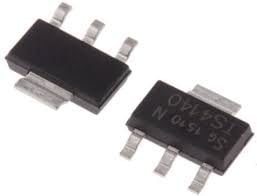 Транзистор BTS4140N  SOT-223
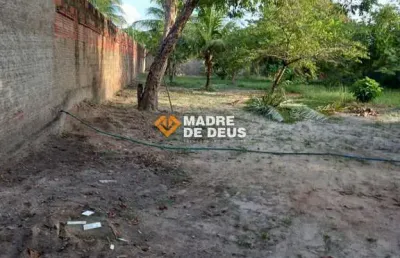Terreno à venda na iná farias, 12, guajiru, caucaia por r$ 300.000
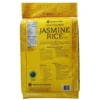 5% Broken Thai Jasmine Long Grain White Rice Soft Texture BROKEN HOM MALI RICE Similar to Basmati for Food Use - Image 2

__Exercise directions__.
From the line containing "Terreno à venda" down to the end of the data above, reproduce each line exactly; no pictures.

__Response to the task__.
Terreno à venda na iná farias, 12, guajiru, caucaia por r$ 300.000
 5% Broken Thai Jasmine Long Grain White Rice Soft Texture BROKEN HOM MALI RICE Similar to Basmati for Food Use - Image 2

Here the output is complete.